A relatively little known trademark protest procedure in the trademark office allows a third party to file a letter of protest against a pending trademark application. The process is simple, free and easy. The filing of a letter of protest is an informal procedure that allows third parties to bring to the attention of the USPTO evidence bearing on the registrability of a mark. A letter of protest will only be accepted if it presents an issue that can be dealt with by an examining attorney in the course of the ex parte examination of a trademark application. Trademark Manual of Examining Procedure (TMEP) §1715.01.
An “issue that can be dealt with by an examining attorney in the course of the ex parte examination” presents some limitations that may not be apparent on the surface.
To begin with, it means that only trademark protests that can be decided solely on outside evidence can be presented. The most common grounds for accepting a letter of protest include: likelihood of confusion with a U.S. trademark registration or prior pending application; descriptiveness/genericness of the mark, use of a registered mark in the identification of the goods/services, or a false association with the protestor.
Areas that require resolution of contested points of view are off-limits. A letter of protest should not be submitted, and will never be accepted, if the issue presented relates to: common-law prior use, an ownership dispute, fraud, or a mere disagreement with the examination conducted by the Examining Attorney or with the Examining Attorney’s exercise of judgment. So, the USPTO denies letters of protest that do not include factual, objective evidence, and only factual and objective evidence.

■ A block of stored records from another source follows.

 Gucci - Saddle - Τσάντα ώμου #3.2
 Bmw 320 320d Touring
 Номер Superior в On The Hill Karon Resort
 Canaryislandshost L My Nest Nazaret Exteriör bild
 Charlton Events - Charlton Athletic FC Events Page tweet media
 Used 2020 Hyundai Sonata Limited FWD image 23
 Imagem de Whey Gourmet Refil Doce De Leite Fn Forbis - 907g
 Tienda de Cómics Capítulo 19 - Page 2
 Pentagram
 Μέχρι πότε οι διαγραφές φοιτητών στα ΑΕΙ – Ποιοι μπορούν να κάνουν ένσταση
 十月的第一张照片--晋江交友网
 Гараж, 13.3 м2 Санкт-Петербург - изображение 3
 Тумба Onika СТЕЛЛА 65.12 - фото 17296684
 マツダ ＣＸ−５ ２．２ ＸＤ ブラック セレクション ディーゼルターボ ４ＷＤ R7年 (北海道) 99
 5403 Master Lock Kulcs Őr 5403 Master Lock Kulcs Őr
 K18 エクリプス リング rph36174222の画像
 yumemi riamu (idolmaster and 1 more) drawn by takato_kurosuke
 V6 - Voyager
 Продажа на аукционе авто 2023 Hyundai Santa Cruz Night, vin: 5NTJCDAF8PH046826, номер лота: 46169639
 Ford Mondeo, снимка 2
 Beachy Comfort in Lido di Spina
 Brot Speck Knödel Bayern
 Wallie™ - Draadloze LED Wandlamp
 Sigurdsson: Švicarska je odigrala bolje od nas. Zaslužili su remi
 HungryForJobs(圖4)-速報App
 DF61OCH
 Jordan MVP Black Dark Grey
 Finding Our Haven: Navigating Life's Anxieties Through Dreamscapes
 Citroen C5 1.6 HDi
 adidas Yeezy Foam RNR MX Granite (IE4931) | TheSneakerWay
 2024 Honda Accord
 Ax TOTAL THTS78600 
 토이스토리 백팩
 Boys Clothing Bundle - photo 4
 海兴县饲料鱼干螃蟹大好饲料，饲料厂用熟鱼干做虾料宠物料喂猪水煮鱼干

No argument is allowed in a trademark protest, only objective evidence, like independent evidence of a likelihood of confusion, for example, published advertisements showing that the parties provide the same goods and services. If you’re thinking by now that a letter of protest is a pretty weak way to block a trademark application, there is some merit in that thought. However, remember that an Examining Attorney may not have done a thorough search for internet or other reference material, and by bringing it to the Examiner’s attention, you just might tip the scale towards a rejection. Even more important, the letter of protest procedure stands entirely separate from an Opposition proceeding. Even if your trademark protest is entirely rejected, you can still bring an Opposition without prejudice, and then you’ll get the chance to argue all your evidence, including disputed and disputable evidence, to the TTAB.